In the entries that follow, find the line containing "BookBar - eBooks" and the line containing "81 Inch Oversized", then copy exactly everything from the first through the second except the pictures.

> [EXERCISE MATERIAL]:
----------

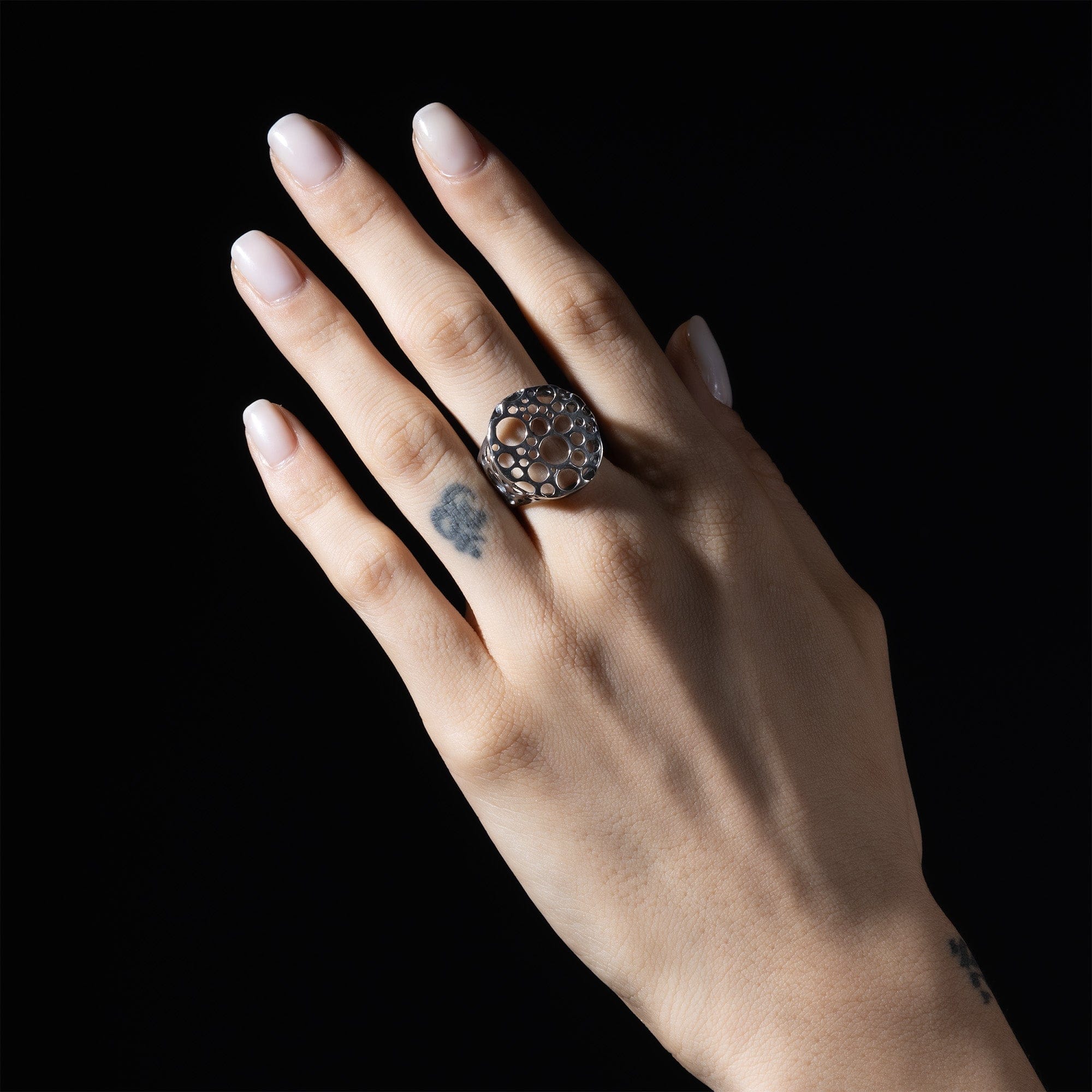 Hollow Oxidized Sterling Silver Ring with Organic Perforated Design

----------

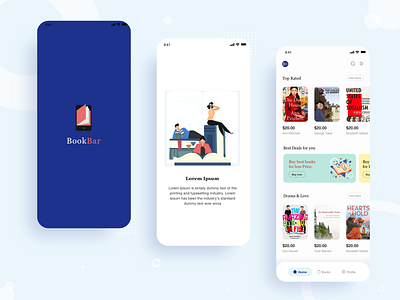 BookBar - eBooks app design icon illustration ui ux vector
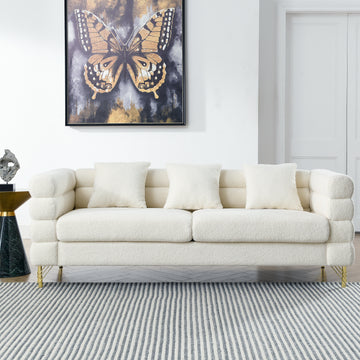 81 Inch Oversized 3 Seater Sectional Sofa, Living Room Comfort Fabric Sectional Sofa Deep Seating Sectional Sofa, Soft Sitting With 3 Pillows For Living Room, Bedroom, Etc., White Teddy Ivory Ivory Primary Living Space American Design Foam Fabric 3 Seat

----------

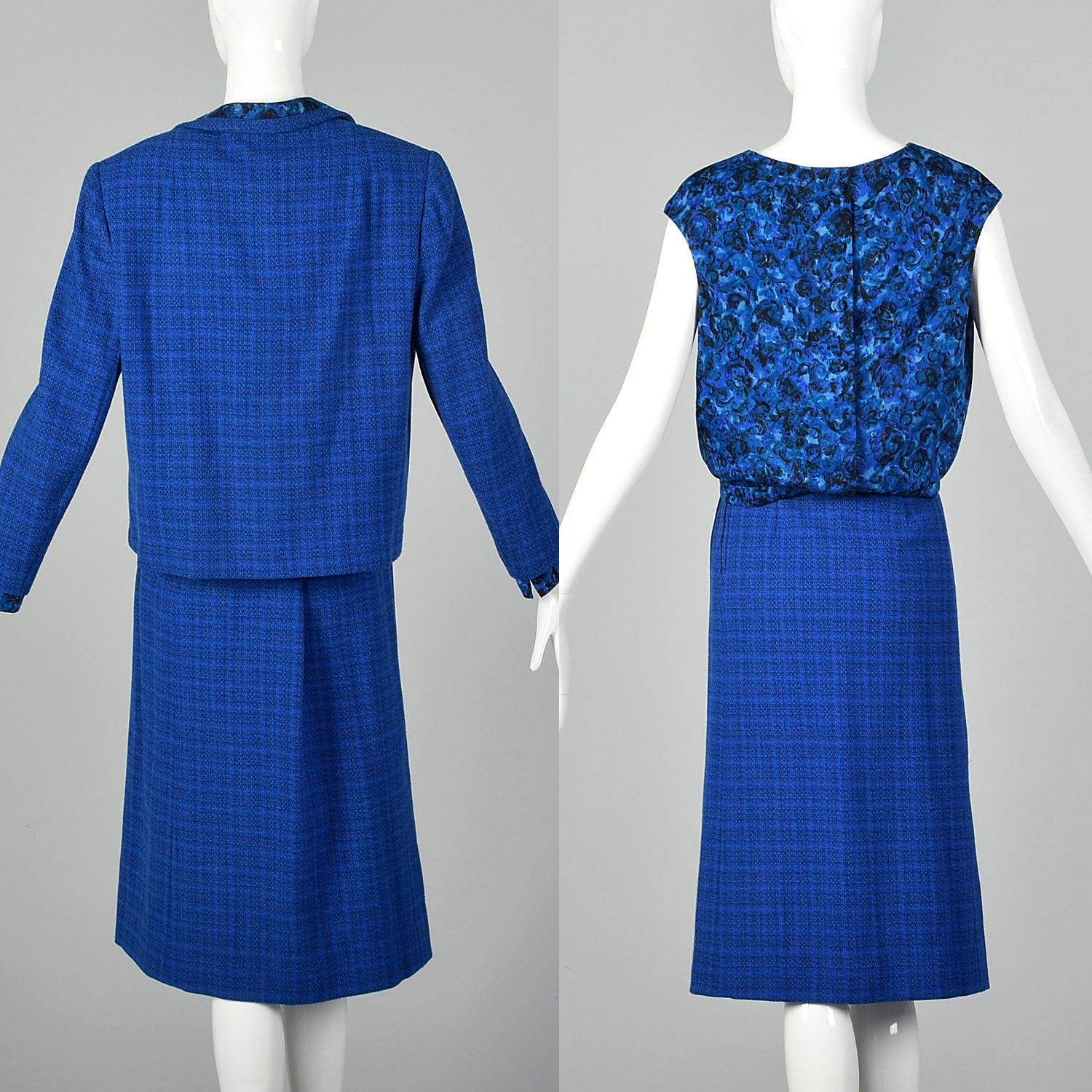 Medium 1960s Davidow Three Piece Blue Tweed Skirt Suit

----------

> [RESPONSE]:
 BookBar - eBooks app design icon illustration ui ux vector
 81 Inch Oversized 3 Seater Sectional Sofa, Living Room Comfort Fabric Sectional Sofa Deep Seating Sectional Sofa, Soft Sitting With 3 Pillows For Living Room, Bedroom, Etc., White Teddy Ivory Ivory Primary Living Space American Design Foam Fabric 3 Seat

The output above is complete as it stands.